→ **About this task**: The records below hold pictures; please leave those out and retype the rest exactly.

→ **Recorded data**:
- Opening Delimiter -

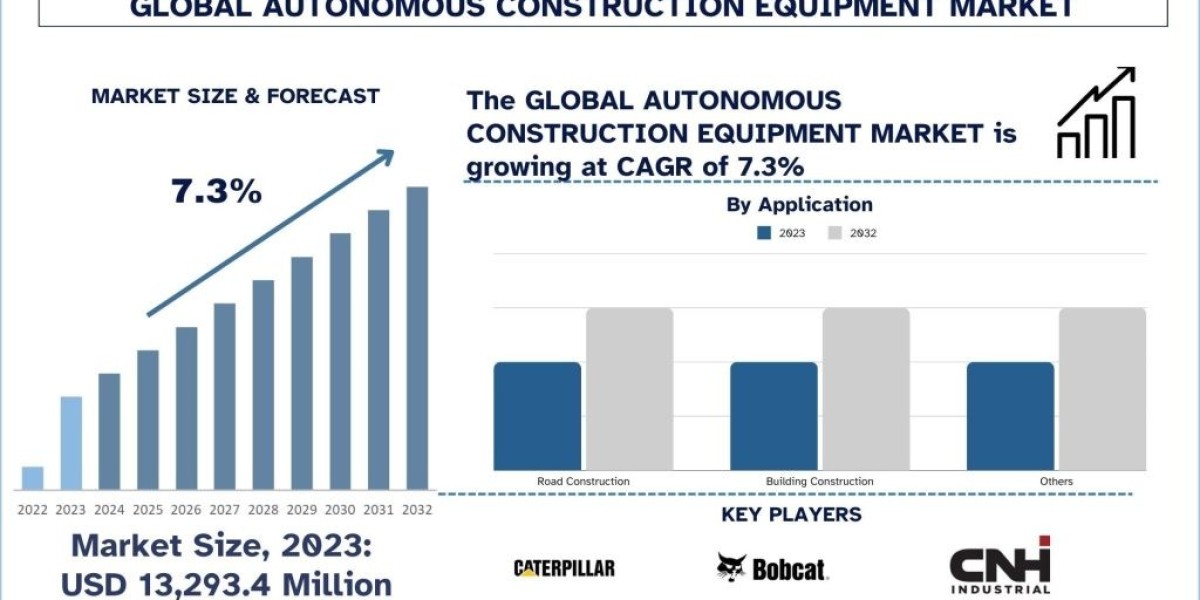 The Future of Work: Autonomous Machines and the Construction Workforce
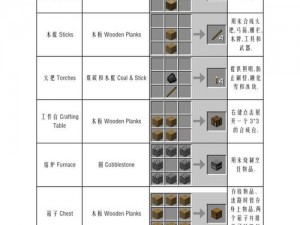 探索多样：我的世界中制作秘诀大揭秘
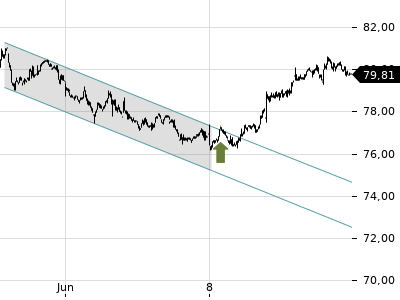 Trendradar
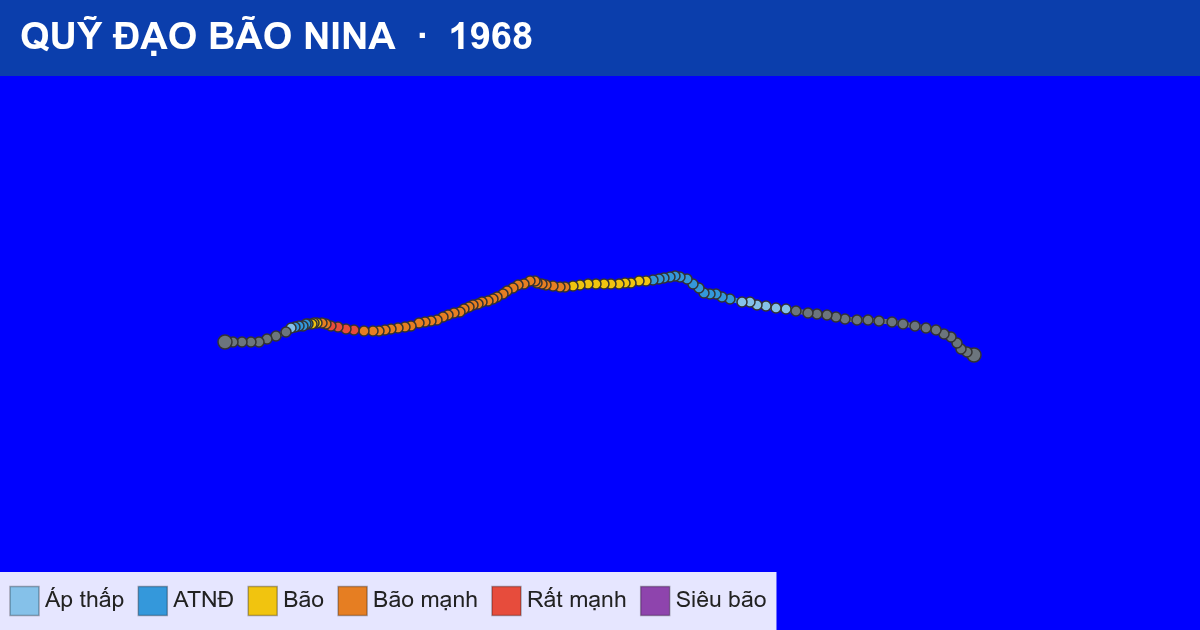 Quỹ đạo di chuyển của NINA (1968)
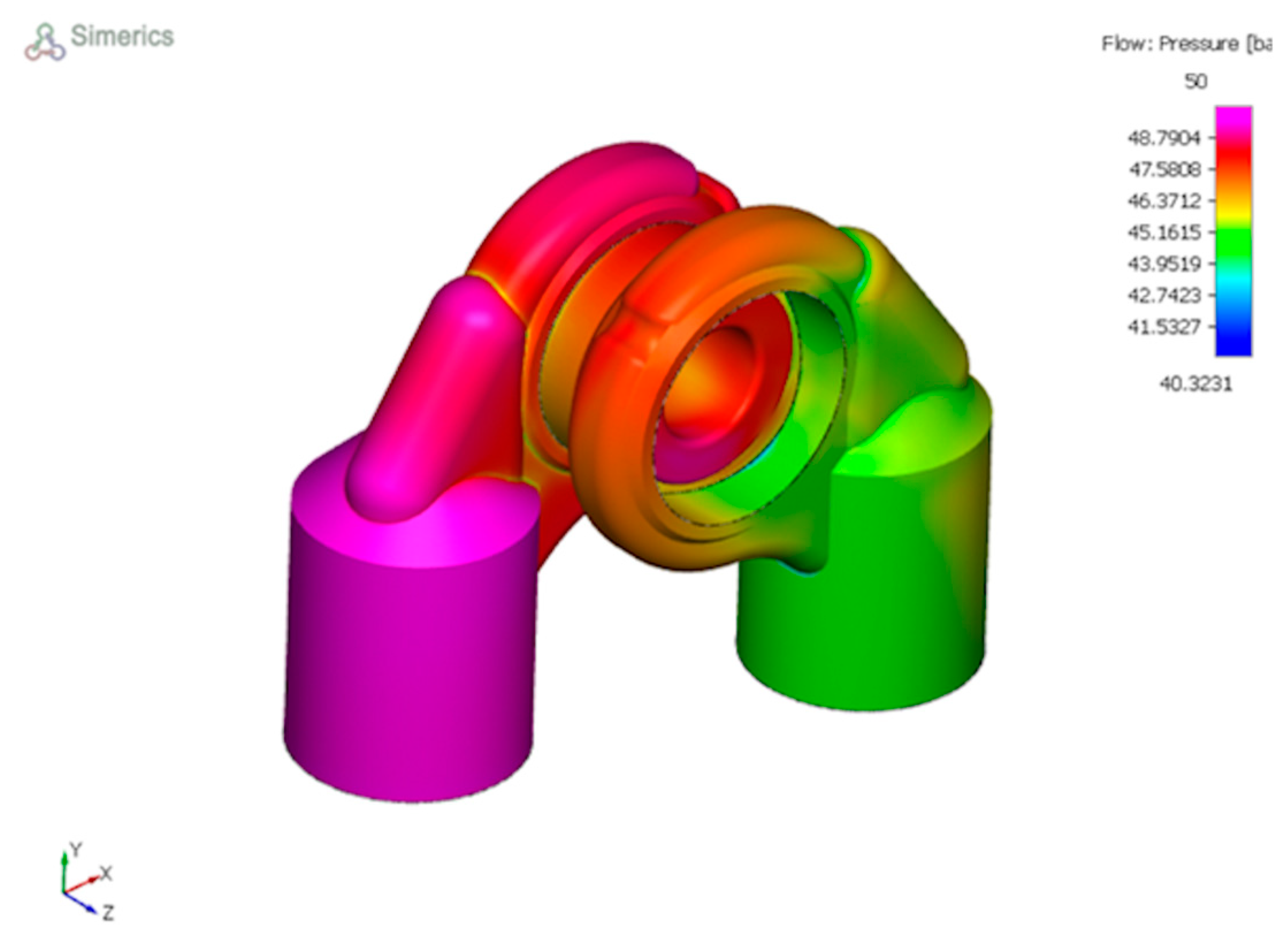 Fluids 05 00017 g012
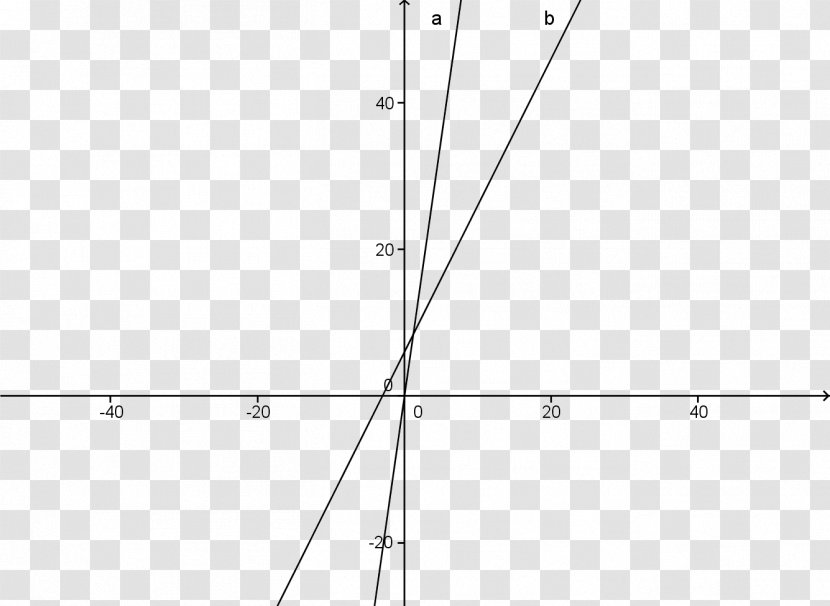 National High School Exam Mathematics Quadratic Function Number Transparent PNG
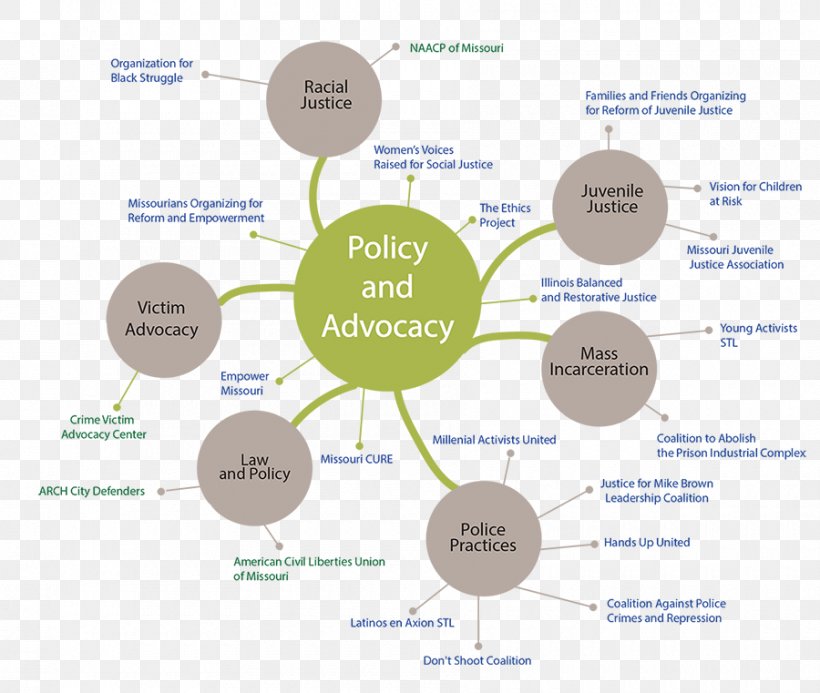 Business Ecosystem Map Organization Desert Ecology, PNG, 900x761px, Ecosystem, Biome, Brand, Business Ecosystem, Communication Download Free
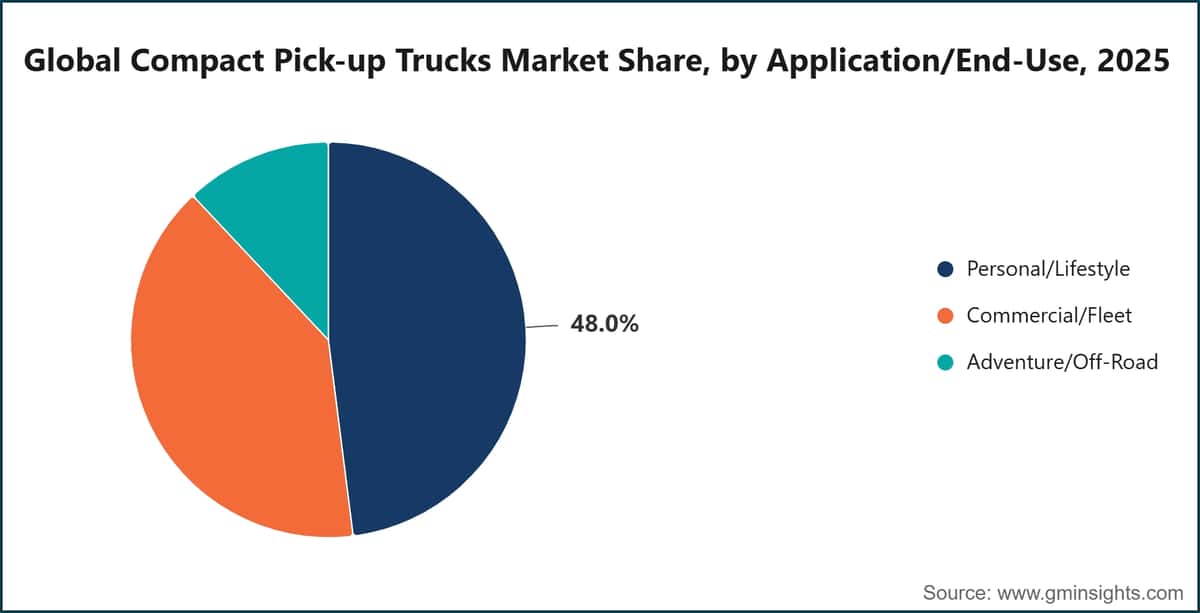 Global Compact Pick-up Trucks Market Share, by Application/End-Use, 2025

- Closing Delimiter -

→ **Problem solution**:
 The Future of Work: Autonomous Machines and the Construction Workforce
 探索多样：我的世界中制作秘诀大揭秘
 Trendradar
 Quỹ đạo di chuyển của NINA (1968)
 Fluids 05 00017 g012
 National High School Exam Mathematics Quadratic Function Number Transparent PNG
 Business Ecosystem Map Organization Desert Ecology, PNG, 900x761px, Ecosystem, Biome, Brand, Business Ecosystem, Communication Download Free
 Global Compact Pick-up Trucks Market Share, by Application/End-Use, 2025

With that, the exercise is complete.